--- Recorded information Enclosed Below ---
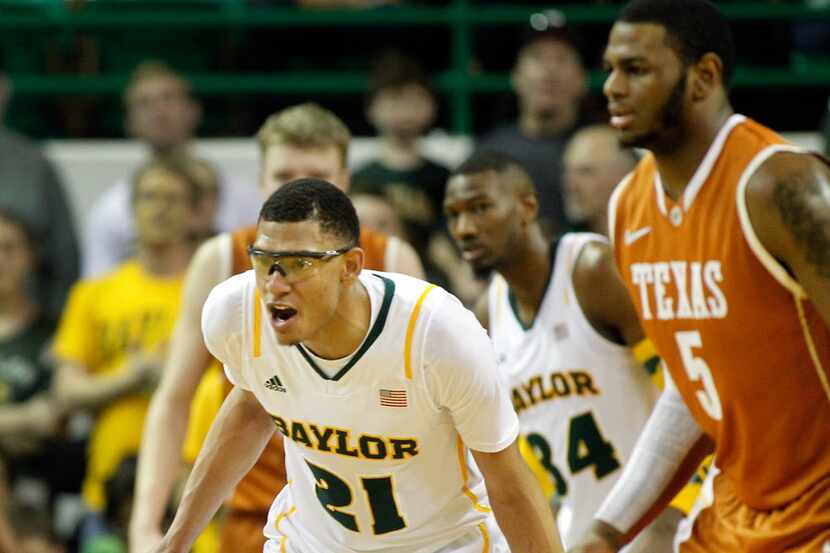 Baylor Bears center Isaiah Austin (21) yells to his teammates as they face Texas in the...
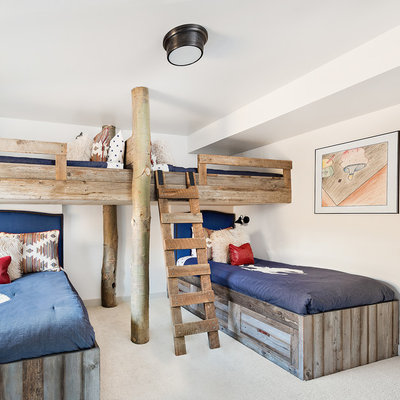 Mid-sized mountain style gender-neutral dark wood floor and brown floor kids' bedroom photo in Other with white walls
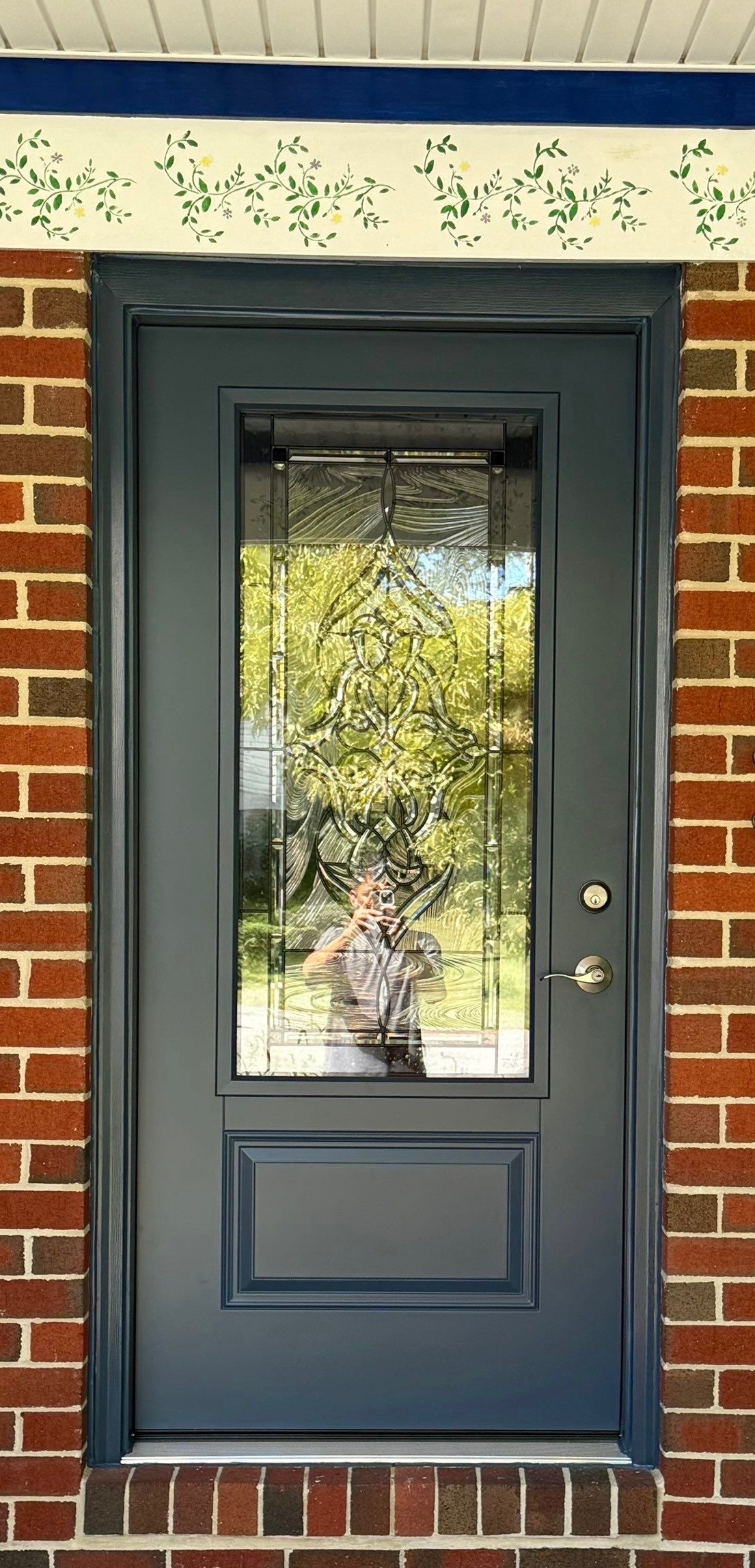 Exterior view of a ProVia Legacy smooth steel entry door in Enzian Blue with decorative glass.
--- End of Enclosed Recorded information ---
Task instructions:
Once the pictures are removed, copy the listing exactly.

Solution:
 Baylor Bears center Isaiah Austin (21) yells to his teammates as they face Texas in the...
 Mid-sized mountain style gender-neutral dark wood floor and brown floor kids' bedroom photo in Other with white walls
 Exterior view of a ProVia Legacy smooth steel entry door in Enzian Blue with decorative glass.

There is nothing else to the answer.